So I have a table which has duplicate rows for everything, but there is a catch: the duplicate elements are not consecutive and they have different primary keys. Is there a code snippet that can work for this case?
You'll need to define your table more clearly for us. What makes something a duplicate? What indexes are on that table.
A solution should be simple but it won't be quick to run if the table is large.
Get Outlook for Android
How can you have duplicates if the pk is not the same? It's part of the table as well as the rest of the data. If - and I am starting to assume here - you have a synthetic key (a single integer) and all the rest is the same, then something along this lines should do the trick:
for each <yourtable>
break by <field-1>
by <field-2>
by <field-3>
...
by <field-n>:
if not first-of(<field-n>) then delete <yourtable>.
end.
The idea is to do a break-by on all fields except the primary index field. Then, if you find a duplicate, delete it. This may not work if your table is large though.
Some times, what it makes duplicate some data, it's the iterpretation that some actor on the system gives to the data, dont you think?
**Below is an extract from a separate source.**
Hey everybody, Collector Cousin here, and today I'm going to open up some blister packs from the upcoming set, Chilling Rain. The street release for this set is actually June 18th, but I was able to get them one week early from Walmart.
Assuming data is at least 4NF, we can consider its economical and practically efficient for database storing, but perhaps some department gives the same value to datum with, let's say, KEY(CustNum, DateOperation) and they consider this as duplicate record (if customer showed up two times in a date), and Rus Paul was asked to create a data table with the concentrated data about this scenario...
Just a thought .
And [mention:e666fffb14004b29b4bad87b731999a8:e9ed411860ed4f2ba0265705b8793d05] showed what most of us would think as solution to the task at hand..
There can be many ways to find a ‘duplicate’ once one is able to define what a duplicate means, Patrick’s break-by approach can work - probably audit fields need to be excluded as well (create, last update, user) and I imagine it might have issues with ‘large objects’ but the idea is there… however, I would not simply delete the ‘duplicate’ like that as it’s PK might be used in child tables (FK) and that could make a mess out of the database :(
before deleting duplicates, consider whether you should.
if the data appear to be duplicates but maybe they aren’t, then maybe you shouldn’t be deleting business records just because they don’t conform to 4NF or some other “normal” form.
if they’re real duplicates then fine=